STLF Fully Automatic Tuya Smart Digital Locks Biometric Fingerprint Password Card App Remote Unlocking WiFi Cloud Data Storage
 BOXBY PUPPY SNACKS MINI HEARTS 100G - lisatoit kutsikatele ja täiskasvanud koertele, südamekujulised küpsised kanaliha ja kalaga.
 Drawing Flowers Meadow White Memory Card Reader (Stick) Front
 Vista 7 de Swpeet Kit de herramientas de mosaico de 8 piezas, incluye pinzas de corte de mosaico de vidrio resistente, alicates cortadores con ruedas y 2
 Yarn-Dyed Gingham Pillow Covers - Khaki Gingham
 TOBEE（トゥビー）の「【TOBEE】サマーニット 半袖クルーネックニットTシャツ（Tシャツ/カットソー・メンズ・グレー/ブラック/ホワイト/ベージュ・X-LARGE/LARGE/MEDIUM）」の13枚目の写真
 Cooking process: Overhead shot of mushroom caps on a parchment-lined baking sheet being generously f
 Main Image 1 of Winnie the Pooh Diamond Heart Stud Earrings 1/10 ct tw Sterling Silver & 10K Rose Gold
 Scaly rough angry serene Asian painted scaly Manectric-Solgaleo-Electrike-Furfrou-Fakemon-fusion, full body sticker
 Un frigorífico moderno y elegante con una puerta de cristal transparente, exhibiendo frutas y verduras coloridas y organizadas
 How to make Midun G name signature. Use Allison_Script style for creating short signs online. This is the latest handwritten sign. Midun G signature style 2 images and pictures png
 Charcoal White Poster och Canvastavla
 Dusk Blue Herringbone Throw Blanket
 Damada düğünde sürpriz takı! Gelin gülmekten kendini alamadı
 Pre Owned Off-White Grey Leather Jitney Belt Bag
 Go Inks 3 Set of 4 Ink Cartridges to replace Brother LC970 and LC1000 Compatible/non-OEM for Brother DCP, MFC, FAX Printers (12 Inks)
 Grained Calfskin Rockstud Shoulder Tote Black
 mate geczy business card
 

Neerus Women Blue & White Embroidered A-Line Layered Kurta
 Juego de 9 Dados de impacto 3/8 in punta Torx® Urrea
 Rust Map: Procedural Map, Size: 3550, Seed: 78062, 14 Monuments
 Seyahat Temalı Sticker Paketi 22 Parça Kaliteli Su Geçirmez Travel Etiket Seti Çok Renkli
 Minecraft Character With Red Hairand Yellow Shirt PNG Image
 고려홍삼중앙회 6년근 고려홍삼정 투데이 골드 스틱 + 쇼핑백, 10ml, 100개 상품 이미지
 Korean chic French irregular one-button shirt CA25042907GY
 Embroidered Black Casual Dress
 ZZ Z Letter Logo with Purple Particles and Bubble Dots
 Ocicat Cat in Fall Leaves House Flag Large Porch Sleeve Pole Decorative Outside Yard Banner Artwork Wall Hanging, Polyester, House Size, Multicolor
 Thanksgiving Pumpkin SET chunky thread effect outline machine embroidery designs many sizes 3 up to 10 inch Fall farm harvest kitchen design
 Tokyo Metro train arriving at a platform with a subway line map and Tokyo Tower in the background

> WHAT IS BEING ASKED: Restate precisely, and with nothing added, the lines from the one with "Juego de 9 Dados" through the final line of the material.

> RESPONSE:
 Juego de 9 Dados de impacto 3/8 in punta Torx® Urrea
 Rust Map: Procedural Map, Size: 3550, Seed: 78062, 14 Monuments
 Seyahat Temalı Sticker Paketi 22 Parça Kaliteli Su Geçirmez Travel Etiket Seti Çok Renkli
 Minecraft Character With Red Hairand Yellow Shirt PNG Image
 고려홍삼중앙회 6년근 고려홍삼정 투데이 골드 스틱 + 쇼핑백, 10ml, 100개 상품 이미지
 Korean chic French irregular one-button shirt CA25042907GY
 Embroidered Black Casual Dress
 ZZ Z Letter Logo with Purple Particles and Bubble Dots
 Ocicat Cat in Fall Leaves House Flag Large Porch Sleeve Pole Decorative Outside Yard Banner Artwork Wall Hanging, Polyester, House Size, Multicolor
 Thanksgiving Pumpkin SET chunky thread effect outline machine embroidery designs many sizes 3 up to 10 inch Fall farm harvest kitchen design
 Tokyo Metro train arriving at a platform with a subway line map and Tokyo Tower in the background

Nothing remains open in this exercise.